NOTE 8 - PROPERTIES AND EQUIPMENT


The property and equipment as of December 31, 2006 is summarized as follows:


Electronic Equipment

 

171,609

 

 

Vehicles

 

51,318

 

 

Office Equipment

 

6,591

 

 

Construction in progress

 

307,391

 

 

Total

 

536,909

 

 

 

 

 

 

 

Less: Accumulated depreciation

 

(22,625)

 

 

 

 

 

 

 

Property and equipment, net

 

$514,284

 

 


The depreciation expense for the years ended December 31, 2006 and 2005 was $5,856 and $6,112 respectively.


NOTE 9  INTANGIBLE ASSET


Intangible asset is the two sets of software acquired from third parties.  These sets of software are used for the core technology of the Company's VOIP business.  It is amortized over 5 years. The intangible assets as of December 31, 2006 are as summarized below:

 

 

 

 

 

Original cost

 

$88,637

 

 

Less: amortization

 

(64,698)

 

 

Intangible asset, net

 

$23,939

 

 


Following is future amortization schedule of the intangible asset:

 

 

 

 

 

 

Amortization

 

 

 

2007

 

$

17,727

2008

 

 

6,212

 

 

 

23,939


NOTE 10   ACCRUED EXPENSES AND OTHER CURRENT LIABILITIES


Accrued expenses and other current liabilities as of December 31, 2006 are summarized as follows:


 

 

 

 

 

 

Accrued expenses

 

 

$57,708

 

 

Accrued staff welfare

 

 

10,904

 

 

Security deposits

 

 

6,123

 

 

Tax payables

 

 

69,838

 

 

Total

 

 

$144,573

 

 

 

 

 

 

 

 


NOTE 11 DUE TO RELATED PARTY


Due to related party of $10,000 as of December 31, 2006 represents payable to former beneficial owner of Crawford Lake Mining Inc.  This payable is unsecured, non interest bearing and payable on demand.


NOTE 12   EQUITY TRANSACTIONS DURING YEAR ENDED 31 DECEMBER 2006


In August 2006, the Company decided to forward split its common stock at a ratio of 3.6 shares of the Company's common stock for every 1 share of common stock issued and outstanding as at August 7, 2006.  Immediately after the forward stock split, the total outstanding shares of the Company are 22,608,000.


In August 2006, the Company issued 40,000,000 shares to the original shareholders of Jinan Yuan Technology Co., Ltd. ("Jinan") to exchange 100% equity interest of Jinan.  In addition, as further consideration for the acquisition, Apollo Corporation, the principal shareholder of the Company, agreed to cancel 11,750,000 post-split shares of its outstanding common stock.

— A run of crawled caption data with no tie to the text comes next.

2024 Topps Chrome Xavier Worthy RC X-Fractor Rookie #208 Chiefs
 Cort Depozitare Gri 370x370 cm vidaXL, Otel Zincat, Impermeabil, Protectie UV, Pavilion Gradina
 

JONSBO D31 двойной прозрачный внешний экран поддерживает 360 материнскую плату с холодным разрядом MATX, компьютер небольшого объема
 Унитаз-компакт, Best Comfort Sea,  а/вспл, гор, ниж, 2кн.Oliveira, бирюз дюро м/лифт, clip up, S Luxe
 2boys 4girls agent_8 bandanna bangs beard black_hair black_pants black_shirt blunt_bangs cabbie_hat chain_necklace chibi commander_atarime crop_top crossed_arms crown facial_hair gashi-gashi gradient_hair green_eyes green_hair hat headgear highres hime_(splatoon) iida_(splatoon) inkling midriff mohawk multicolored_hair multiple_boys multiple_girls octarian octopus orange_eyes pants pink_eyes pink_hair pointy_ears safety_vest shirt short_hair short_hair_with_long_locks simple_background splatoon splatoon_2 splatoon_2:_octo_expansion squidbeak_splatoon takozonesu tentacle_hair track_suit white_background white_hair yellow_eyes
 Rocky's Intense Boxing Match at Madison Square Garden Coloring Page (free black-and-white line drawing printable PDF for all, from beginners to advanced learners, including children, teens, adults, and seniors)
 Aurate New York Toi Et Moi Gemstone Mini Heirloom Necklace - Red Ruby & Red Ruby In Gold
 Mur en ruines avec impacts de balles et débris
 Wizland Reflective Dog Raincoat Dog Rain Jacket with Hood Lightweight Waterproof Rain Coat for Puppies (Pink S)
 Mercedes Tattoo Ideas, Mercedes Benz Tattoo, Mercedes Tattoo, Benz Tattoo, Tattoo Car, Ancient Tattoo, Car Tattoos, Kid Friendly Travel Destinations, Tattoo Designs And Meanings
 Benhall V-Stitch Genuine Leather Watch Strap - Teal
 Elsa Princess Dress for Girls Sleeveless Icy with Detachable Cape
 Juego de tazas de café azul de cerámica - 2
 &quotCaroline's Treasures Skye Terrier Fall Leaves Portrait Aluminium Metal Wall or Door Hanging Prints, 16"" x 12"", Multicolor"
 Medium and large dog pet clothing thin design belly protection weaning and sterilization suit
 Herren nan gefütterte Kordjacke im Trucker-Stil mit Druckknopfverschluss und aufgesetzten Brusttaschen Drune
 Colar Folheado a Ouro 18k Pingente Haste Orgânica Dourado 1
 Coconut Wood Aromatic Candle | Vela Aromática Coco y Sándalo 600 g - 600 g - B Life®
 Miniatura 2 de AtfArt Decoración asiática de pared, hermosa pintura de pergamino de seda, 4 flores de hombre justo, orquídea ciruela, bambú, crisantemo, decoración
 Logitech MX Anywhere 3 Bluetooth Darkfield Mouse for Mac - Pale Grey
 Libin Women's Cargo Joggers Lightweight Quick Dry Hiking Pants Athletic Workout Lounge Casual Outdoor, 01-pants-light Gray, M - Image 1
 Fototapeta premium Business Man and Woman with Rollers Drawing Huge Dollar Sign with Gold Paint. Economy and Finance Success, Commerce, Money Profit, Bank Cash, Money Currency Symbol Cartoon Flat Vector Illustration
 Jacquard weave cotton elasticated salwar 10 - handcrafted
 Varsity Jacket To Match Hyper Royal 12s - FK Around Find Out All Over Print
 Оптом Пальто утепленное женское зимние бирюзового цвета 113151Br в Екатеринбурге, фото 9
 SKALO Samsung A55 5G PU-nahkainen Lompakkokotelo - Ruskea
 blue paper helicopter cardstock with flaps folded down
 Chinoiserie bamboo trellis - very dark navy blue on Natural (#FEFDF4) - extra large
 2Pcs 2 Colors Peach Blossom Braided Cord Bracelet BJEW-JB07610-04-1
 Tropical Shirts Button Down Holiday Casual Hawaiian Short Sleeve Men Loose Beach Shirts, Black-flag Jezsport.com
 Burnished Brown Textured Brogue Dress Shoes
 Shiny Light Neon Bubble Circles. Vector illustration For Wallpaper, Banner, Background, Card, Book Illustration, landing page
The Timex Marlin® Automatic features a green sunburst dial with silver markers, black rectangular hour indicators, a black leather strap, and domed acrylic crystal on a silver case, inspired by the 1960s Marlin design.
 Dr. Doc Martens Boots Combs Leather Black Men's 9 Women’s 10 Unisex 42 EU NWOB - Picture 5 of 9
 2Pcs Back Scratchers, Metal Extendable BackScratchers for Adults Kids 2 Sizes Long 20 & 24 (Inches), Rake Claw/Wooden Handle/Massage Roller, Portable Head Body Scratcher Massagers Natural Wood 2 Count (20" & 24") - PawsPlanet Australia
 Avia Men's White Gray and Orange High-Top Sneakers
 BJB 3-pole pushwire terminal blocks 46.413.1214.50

In December 2006, the Company issued 500,000 shares to Leasing Standard Limited for the gross private placement of US$1,000,000, and 400,000 shares to Leasing Standard Limited for consulting service for the SB-2 filing, legal cost, audit cost, and advisory cost of the private placement and reverse-take over procedures.


NOTE 13 STATUTORY RESERVES


As stipulated by the Company Law of the People's Republic of China (PRC), net income after taxation can only be distributed as dividends after appropriation has been made for the following:


1.

Making up cumulative prior years' losses, if any;


2.

Allocations to the "Statutory surplus reserve" of at least 10% of income after tax, as determined under PRC accounting rules and regulations, until the fund amounts to 50% of the Company's registered capital;


3.

Allocations of 5-10% of income after tax, as determined under PRC accounting rules and regulations, to the Company's "Statutory common welfare fund", which is established for the purpose of providing employee facilities and other collective benefits to the Company's employees; and


4.

Allocations to the discretionary surplus reserve, if approved in the shareholders' general meeting.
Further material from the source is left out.